Cristina Pop, Ph.D.
Cristina Pop earned her Ph.D. in Biochemistry at North Carolina State University and came to Sanford-Burnham in June 2004, as a Postdoctoral Fellow. Pop studies caspases in Guy Salvesen, Ph.D.'s lab. Discovered in 1990, caspases are essential enzymes from the human body. Their role is to trigger cellular death when a cell is infected, injured, aged or mutated. If a caspase fails to do its job, the excess cells cannot be removed. As a result, sick cells accumulate and continue to divide, resulting most often in cancers. On the other hand, if caspase activation occurs too early, then healthy, useful cells die. This process can lead to autoimmune or neurological disorders. Pop is working to find new ways to target and regulate caspases.
Carol Curchoe, Ph.D.: A Day in the Life
I work with human embryonic stem cells in Alexey Terskikh, Ph.D.’s lab, a responsibility I take very seriously. Each day, I come to the lab eager to solve a tiny problem that may one day combine with other researchers’ discoveries to alleviate suffering. The goal of my research is to coax stem cells into becoming specific types of neurons. I have tried to convince the cells that this is in their best interest.

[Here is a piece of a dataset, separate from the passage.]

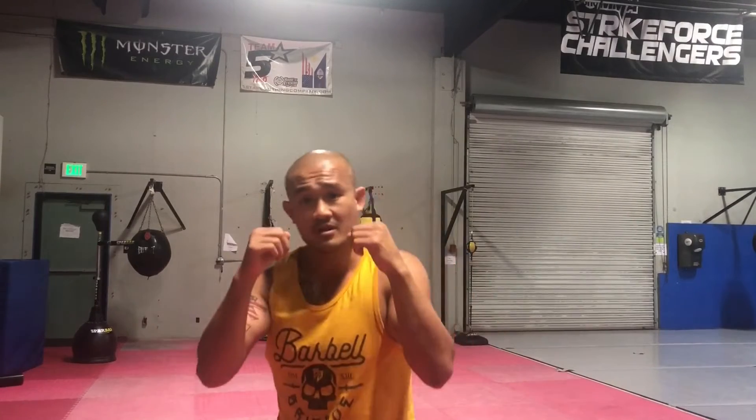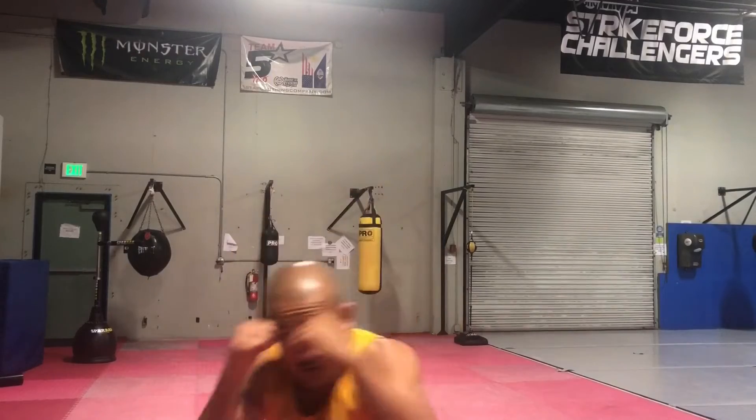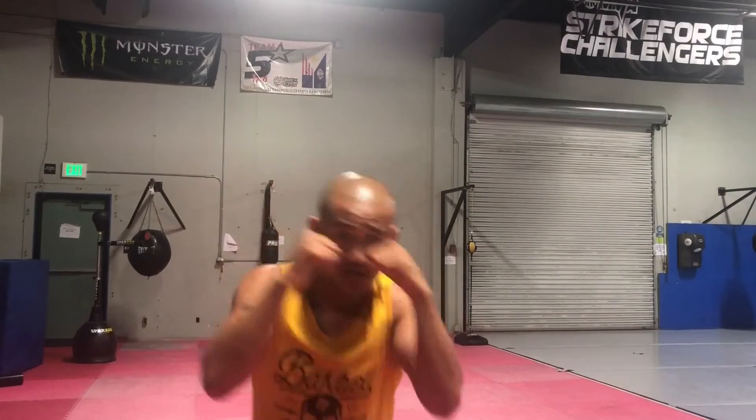Work both and see what happens. Look into a mirror and see what happens — you'll see the difference. When I lead with my head, decent, but when I lead with my hands, look how much more my head moves, and look how much more my hands stay up to defend and protect my face when doing this.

A typical day consists of me “feeding and watering” my garden of stem cells. Once a week, I transplant them so that they have room to grow. I take a group of particularly good-looking cells and suspend them in media that allows them to become neural progenitor cells, precursors to the neurons I want. After a few days, the cells are semi-specialized. They can form any type of nervous system component but can no longer form liver, lung or pancreas cells. My next task is to ask them to become so specialized that they can do only one thing.

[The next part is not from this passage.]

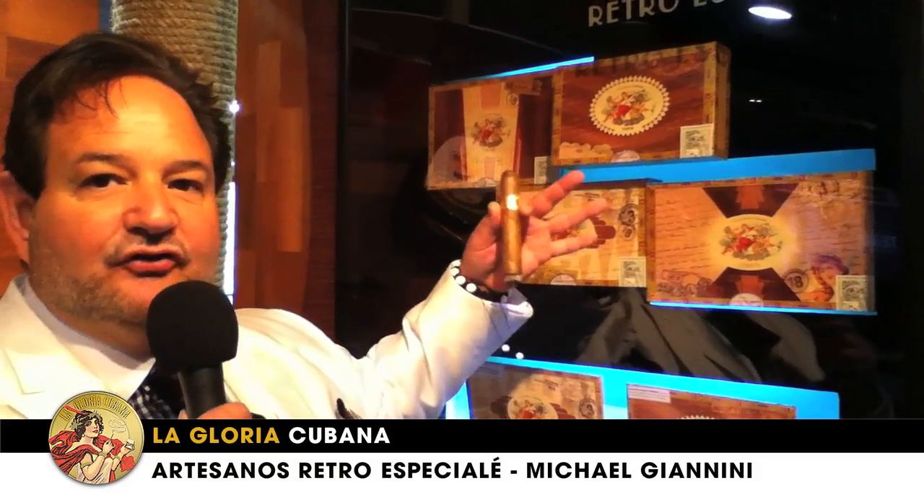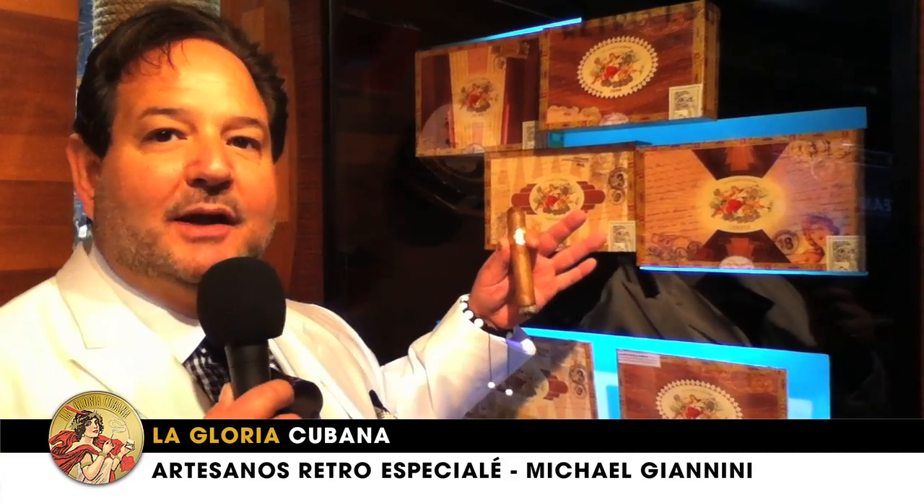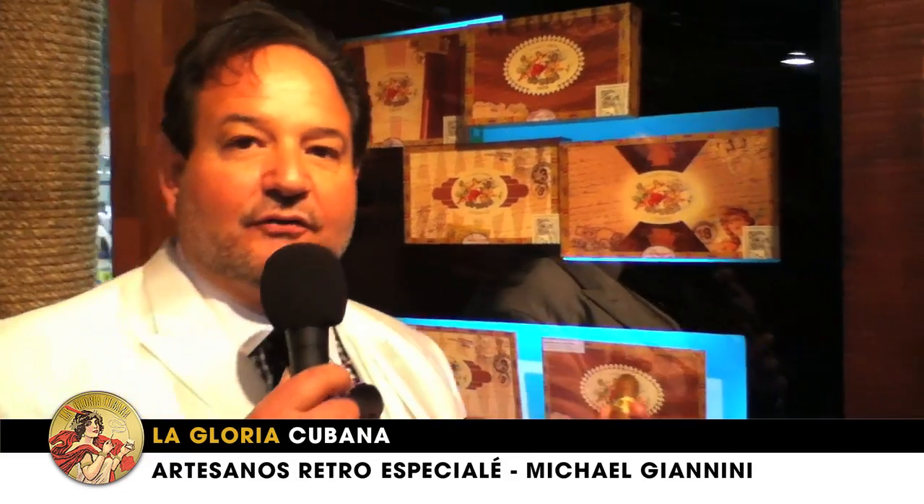The idea behind each front mark is we wanted to make this a collector series as well. That's why you have each design. And the idea behind all these is the humidor, but also has this very retro art deco feel based out of Miami. Each of the sizes are blended uniquely to the front mark because we really wanted to bring out the flavors.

The neurons I hope to make will not cure Parkinson’s or Alzheimer’s or repair a severed spinal cord; instead, they may one day replace damaged nerves outside the brain and spinal cord—the nerves that provide us with touch, taste, sight, smell and hearing.

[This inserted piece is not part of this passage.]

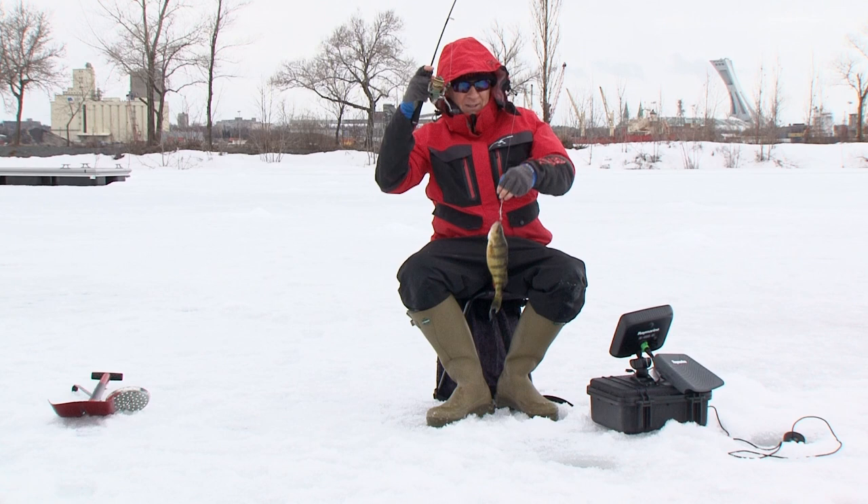No doubt you'll improve your fishing and catching with this brilliant addition to your electronics.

Will my cells have accepted my guidance and become the mature neurons of the peripheral nervous system? I am searching for the evidence—a protein named Peripherin.
I finish staining my cells, center my slide and fiddle with the microscope’s focus knobs. I switch from white light to the ultraviolet light that will excite any fluorescent molecules that have stuck to my cells. Fine crimson filigrees of neural process extend before my eyes, and I feel elated. Finally, my cells have done what I asked of them! I frantically snap the pictures that will prove their existence. For today, at least, success.
Dinner will wait.
Lutz Tautz, Ph.D.: Fishman Awards
It’s not an uncommon dilemma: start your career or get more schooling. If you go the career route, you earn more money in the short term but can ultimately lose earning power. If you opt for schooling, you have to be poor a little longer. There are more than 200 postdoctoral fellows at Sanford-Burnham, and while they are gaining experience and training at one of the world’s premier scientific institutions, their salaries don’t go very far. These economics can crimp their career development, as attending conferences, taking outside classes or even buying a personal computer can be beyond their budgets.
Fortunately, for a few select postdocs, the Fishman Fund can help. The Fishman Fund was created by Mary Bradley and Reena Horowitz to honor Sanford-Burnham founders Dr. William and Lillian Fishman. Each year, the fund committee reviews applications and makes $5,000 grants to select Sanford-Burnham postdocs to help with their career development.
Lutz Tautz, Ph.D., is a staff scientist in Robert Rickert, Ph.D.’s lab, where he is developing ways to get beneficial molecules inside cancer cells. For Tautz, the Fishman Award he received in 2006 was a great help. “The award pays for things you probably couldn’t have done otherwise, like a conference or a computer. But what I think is much more important is the recognition you get. It can really help your career.”